- Film poster
- Directed by: Thomas Arslan
- Written by: Thomas Arslan
- Produced by: Florian Koerner von Gustorf Michael Weber
- Starring: Nina Hoss Uwe Bohm
- Cinematography: Patrick Orth
- Edited by: Bettina Böhler
- Music by: Dylan Carlson
- Release dates: 9 February 2013 (Berlin); 28 February 2013 (Germany);
- Running time: 112 minutes
- Country: Germany
- Languages: German English

= Gold (2013 film) =

2013 film

Gold is a 2013 German Western film directed by Thomas Arslan. The film premiered in competition at the 63rd Berlin International Film Festival.

==Plot==
The film depicts a trek of settlers of German and Austrian-Hungarian origin on their way through a sparsely populated part of Canada. The Group travels in 1899 from Ashcroft, British Columbia to Dawson City, following the Klondike Gold Rush.

==Cast==
- Nina Hoss as Emily Meyer
- Uwe Bohm as Gustav Müller
- Kindall Charters as First Indian
- Rosa Enskat as Maria Dietz
- Peter Kurth as Wilhelm Laser
- Marko Mandić as Carl Böhmer
- Wolfgang Packhäuser as Otto Dietz
- Lars Rudolph as Joseph Rossmann

==Reception==
Varietys Alissa Simon described the film as an "involving, naturalistic period piece" and an homage to "late-era Western". She also appreciated the cinematography for portraying the landscapes as "ruggedly majestic".
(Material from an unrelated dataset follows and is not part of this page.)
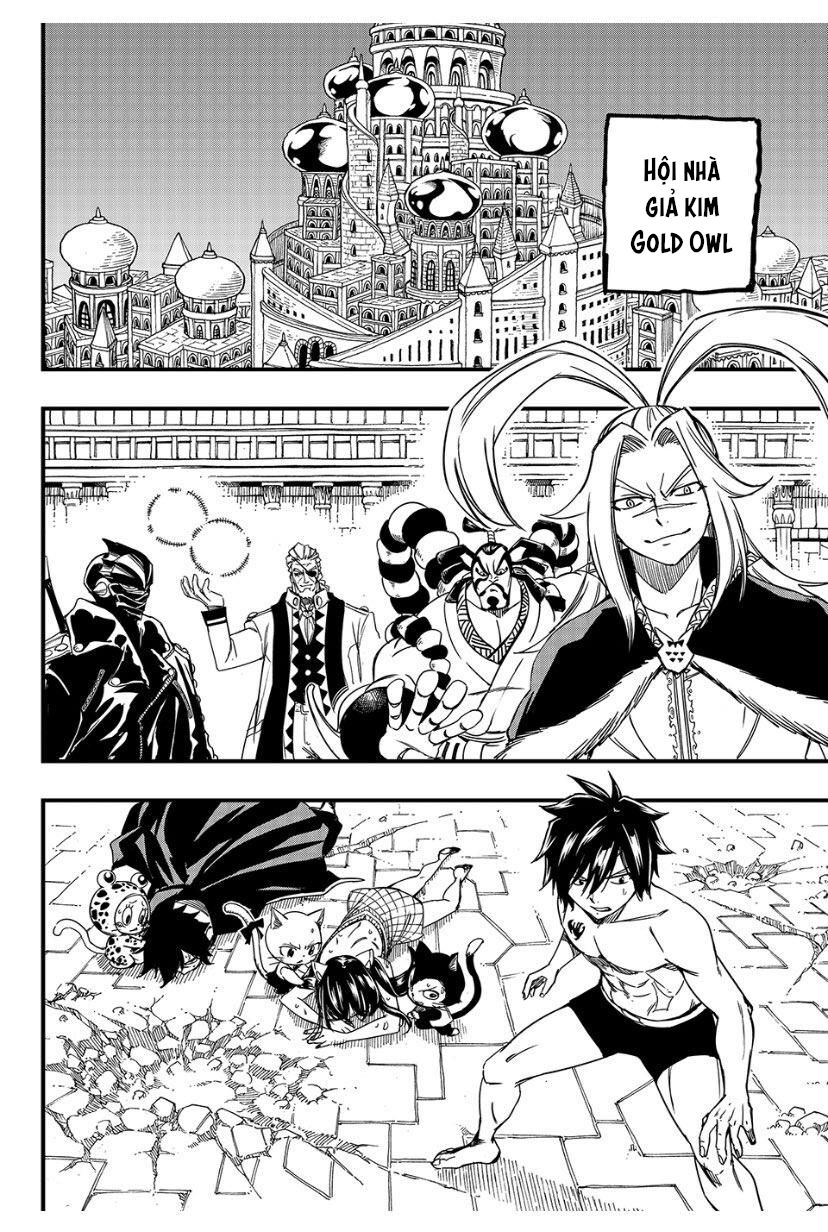 Fairy Tail Nhiệm Vụ Trăm Năm Chapter 135 - 15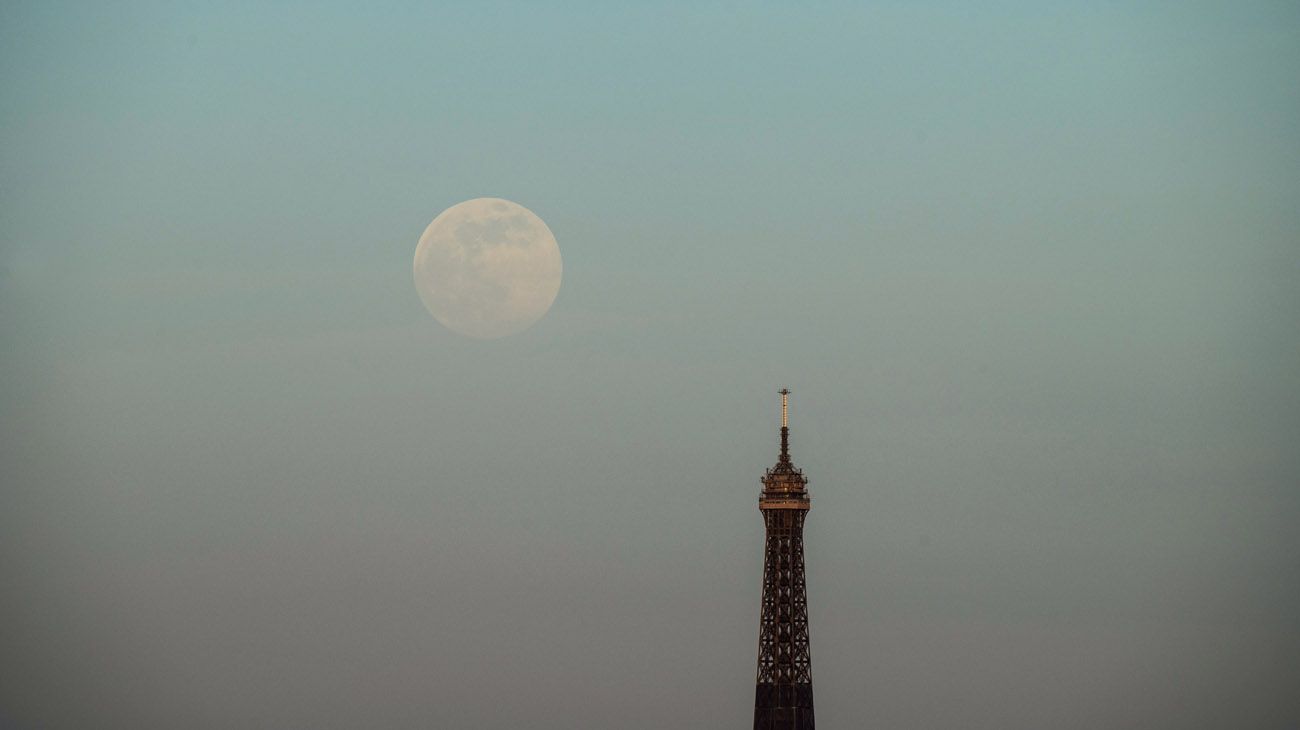 SuperLuna en el mundo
Cine Vues Patrick Gamble praised Nina Hoss for being "her usual captivating self" who convinces the audience she lived through a variety of strong emotions "without even flinching a muscle" but he also stated her performance was squandered because the plot offered "little in the way of entertainment or palpable suspense".